(Records contained in a dataset)
⟨

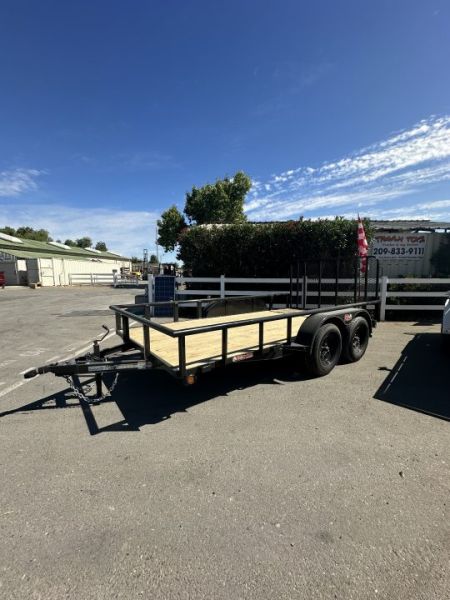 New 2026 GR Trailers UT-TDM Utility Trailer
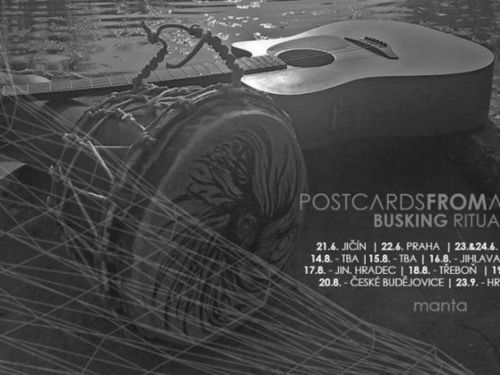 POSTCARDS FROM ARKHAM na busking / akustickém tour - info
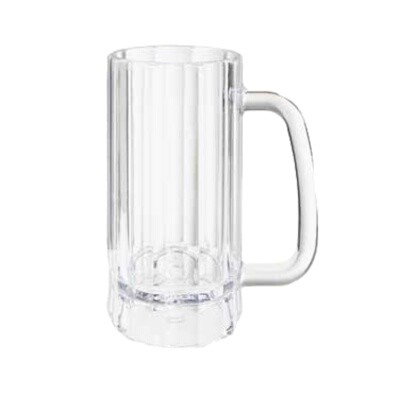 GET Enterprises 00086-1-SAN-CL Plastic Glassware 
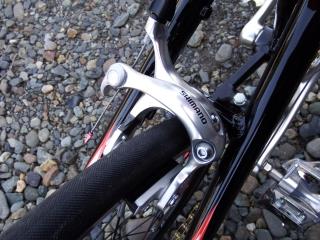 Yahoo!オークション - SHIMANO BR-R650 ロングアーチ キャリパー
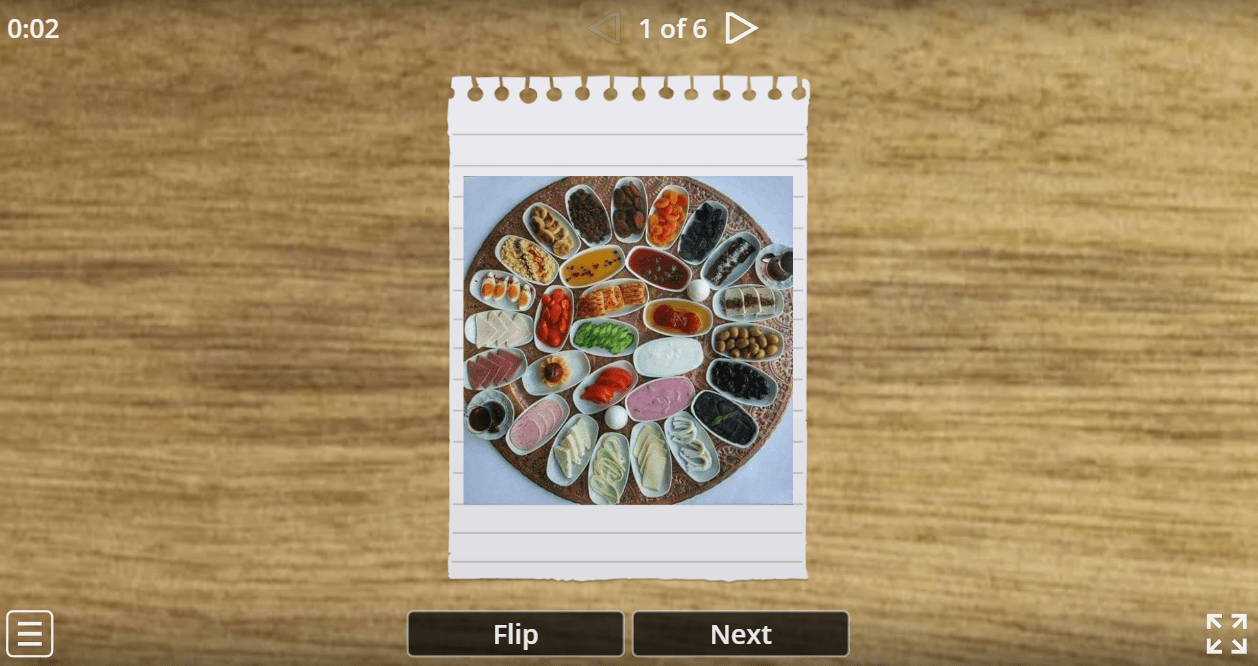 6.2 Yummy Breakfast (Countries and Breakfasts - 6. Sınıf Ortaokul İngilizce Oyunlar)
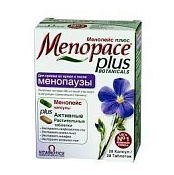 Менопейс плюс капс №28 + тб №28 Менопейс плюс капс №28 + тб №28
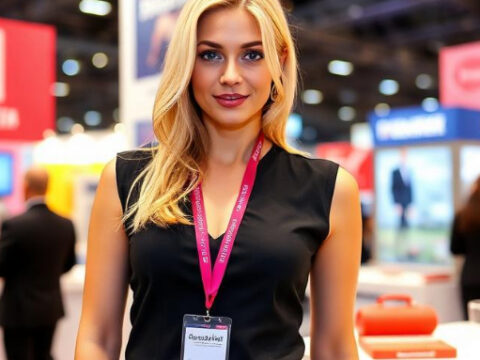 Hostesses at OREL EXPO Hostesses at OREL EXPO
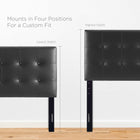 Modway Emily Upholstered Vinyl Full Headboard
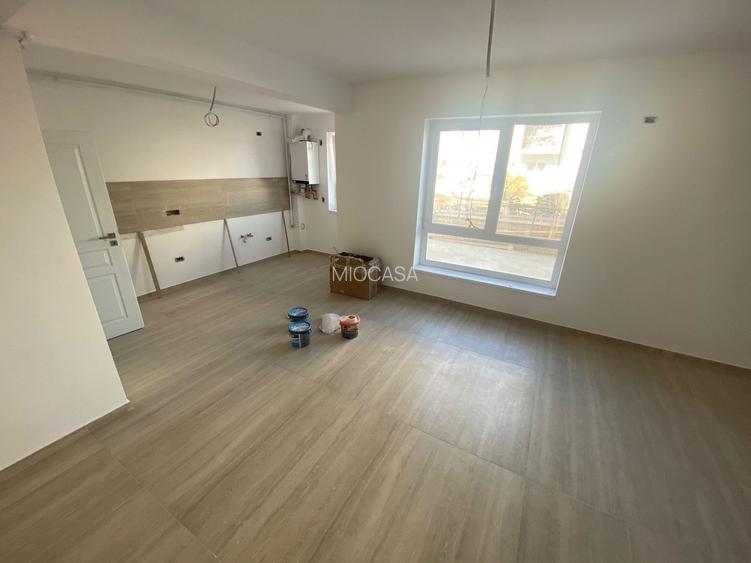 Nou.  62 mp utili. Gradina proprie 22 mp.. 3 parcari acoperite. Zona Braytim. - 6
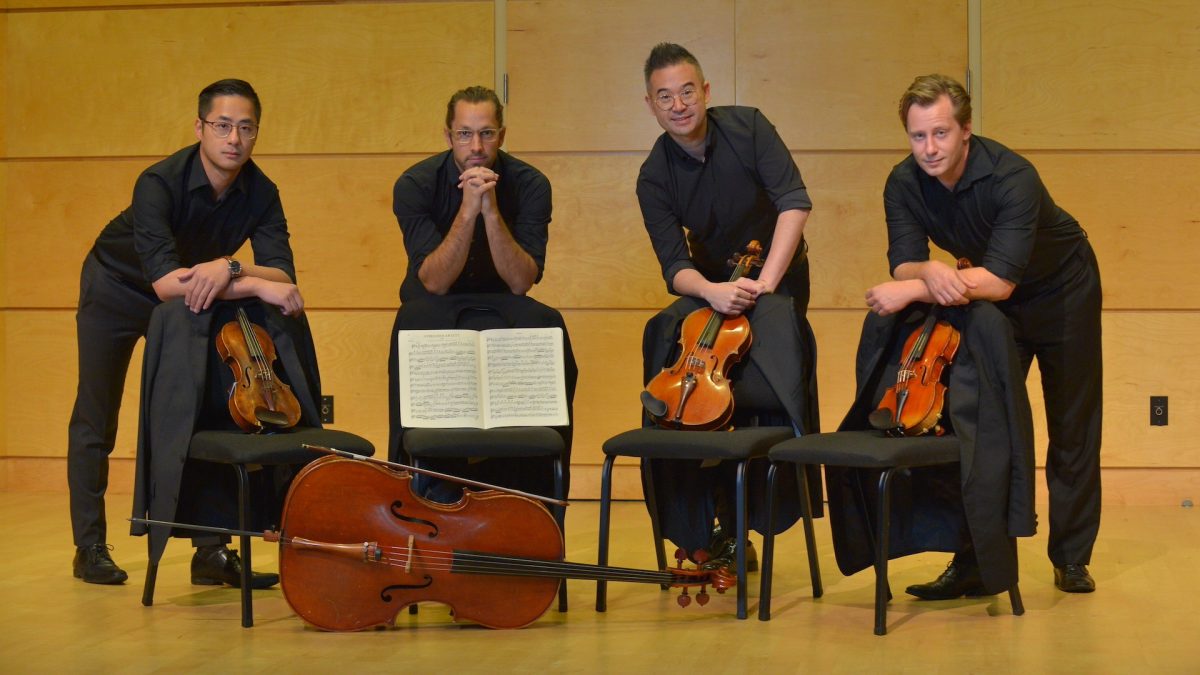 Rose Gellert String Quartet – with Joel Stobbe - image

⟩

*EXERCISE DESCRIPTION*
Produce an exact copy of every line above, with the images left out.

*EXPECTED ANSWER*
 New 2026 GR Trailers UT-TDM Utility Trailer
 POSTCARDS FROM ARKHAM na busking / akustickém tour - info
 GET Enterprises 00086-1-SAN-CL Plastic Glassware 
 Yahoo!オークション - SHIMANO BR-R650 ロングアーチ キャリパー
 6.2 Yummy Breakfast (Countries and Breakfasts - 6. Sınıf Ortaokul İngilizce Oyunlar)
 Менопейс плюс капс №28 + тб №28 Менопейс плюс капс №28 + тб №28
 Hostesses at OREL EXPO Hostesses at OREL EXPO
 Modway Emily Upholstered Vinyl Full Headboard
 Nou.  62 mp utili. Gradina proprie 22 mp.. 3 parcari acoperite. Zona Braytim. - 6
 Rose Gellert String Quartet – with Joel Stobbe - image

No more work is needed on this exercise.